Anchorage School District to reexamine policy after students prevented from wearing cultural regalia at graduation

2021 West High School graduate David Paoli displays his sealskin graduation cap. (Ayyu Qassataq)

Ayyu Qassataq thought it’d be easy to spot her son at his West Anchorage High School graduation on Monday.

When David Paoli left his family to join his peers on the way to the outdoor ceremony, he was wearing a graduation cap decorated in sealskin — a way to honor his Iñupiaq culture during a major milestone.

But as Qassataq and her family looked out at the sea of graduates gathered at the football stadium, they couldn’t pick him out.
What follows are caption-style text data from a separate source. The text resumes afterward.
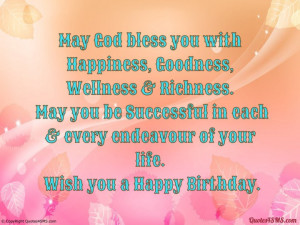 Happy Birthday May God Bless You. Sweet Sms Quotes. View Original ...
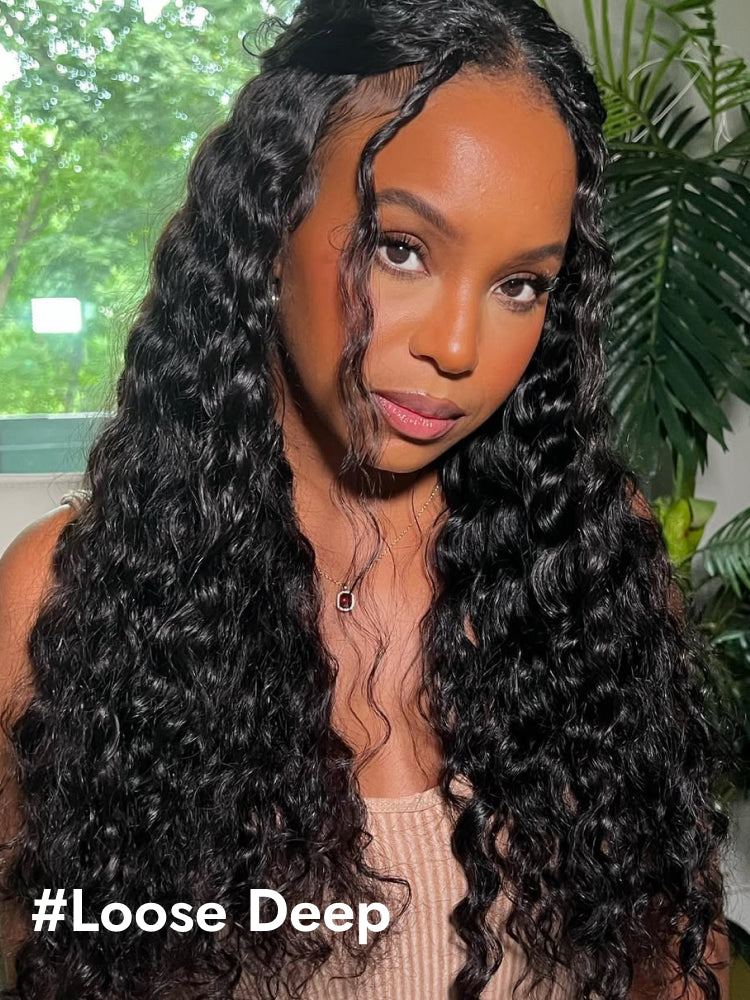 loose deep U part wig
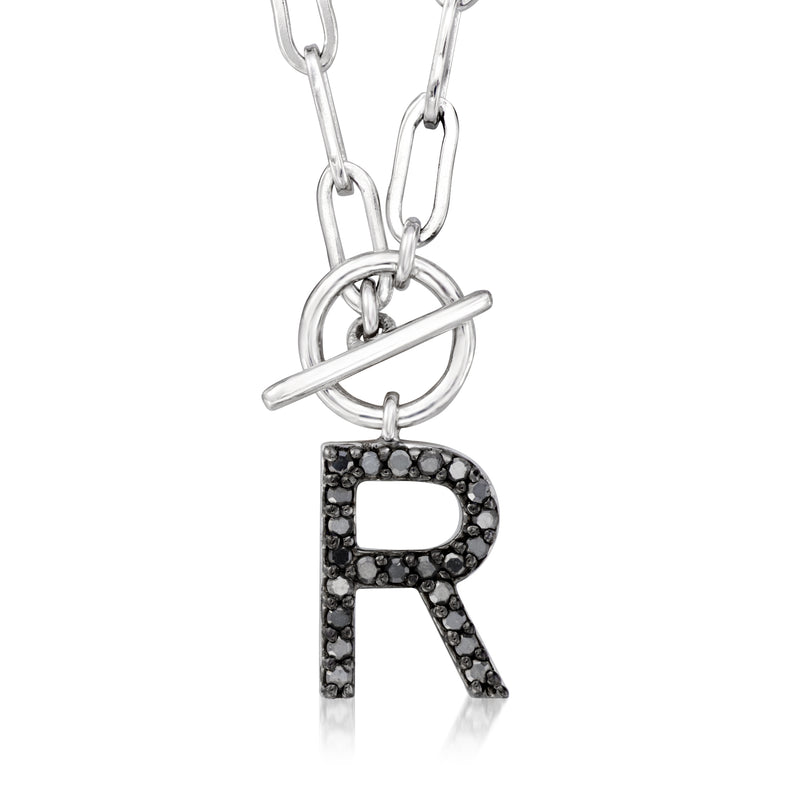 Sterling silver initial necklace with black stone letter R on paperclip link chain
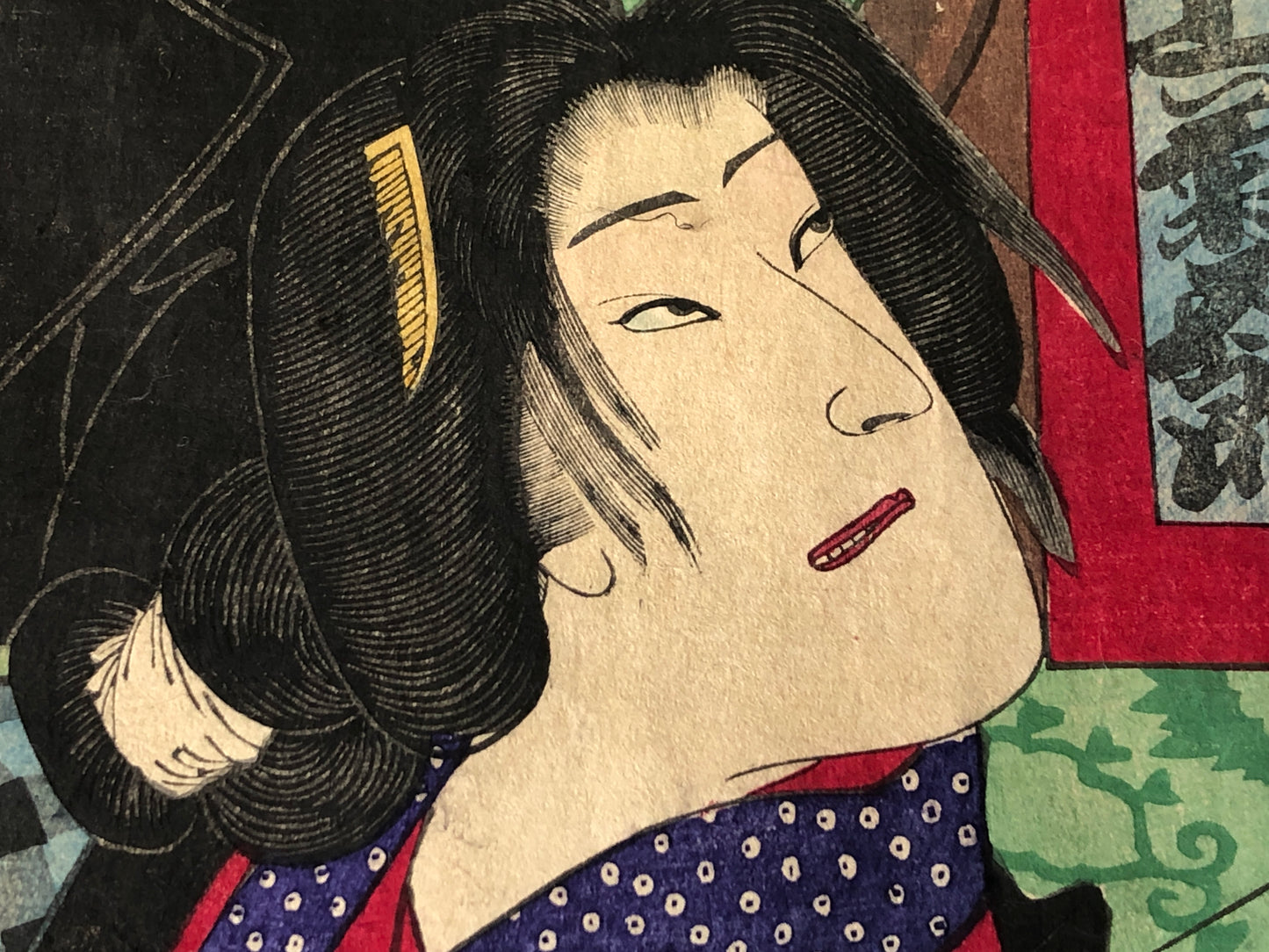 Y7789 WOODBLOCK PRINT Chikanobu triptych Japan Ukiyoe antique art interior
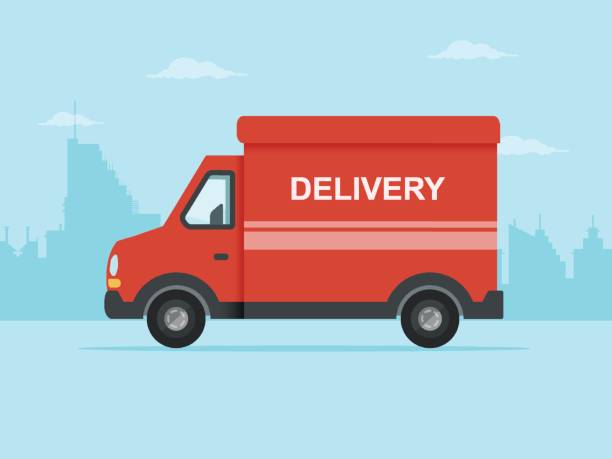 Red Delivery Truck Red delivery truck in a city. Flat design style. delivery van stock illustrations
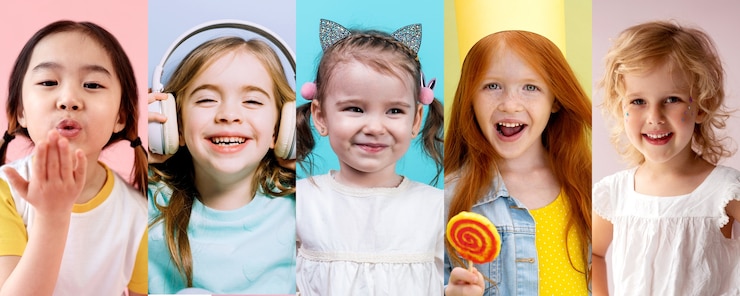 Free Photo medium shot collage of kids 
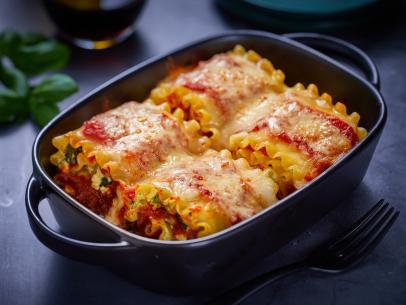 Close up of Lasagna Roll Ups, as seen on Mary Makes It Easy, season 2.
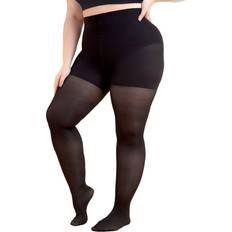 3XL Support Pantyhose Shapermint Essentials Ultra Resistant Shaping Tights - Black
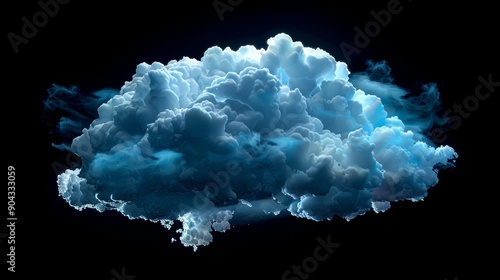 An abstract 3D representation of a brain made of clouds, symbolizing the complexity and depth of scientific thinking and discovery.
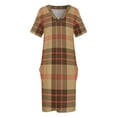 thumbnail image 4 of Vestido holgado a cuadros de sarga con bolsillos vestido elegante y elegante para mujer traje de verano para mujer vestidos de noche de lujo 2025, 4 of 7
A school employee had taken his sealskin cap away. They told Paoli it violated the rules and gave him a plain cap to wear instead.

Qassataq was outraged.

“What should have been a celebration of joy and honor for my family was taken away in a terrible way,” she said. “Knowing that historically Alaska’s education system was formed specifically to remove Alaska Native children from our cultures, I was so angry and sad at how incredibly unjust this continuation of that practice was.”

Ayyu Qassataq takes a selfie with her son, David Paoli. Paoli graduated from West High School this year. (Ayyu Qassataq)

Immediately after the ceremony, Qassataq told West High’s principal and the Anchorage School District superintendent about what happened. West Principal Sven Gustafson apologized, saying Paoli should have been allowed to walk across the stage wearing his sealskin cap.

“These types of things are definitely allowed and we messed up,” Gustafson said. “We should have made sure we had everybody in the loop about what can be worn. I just feel terrible about it. All I can do is apologize.”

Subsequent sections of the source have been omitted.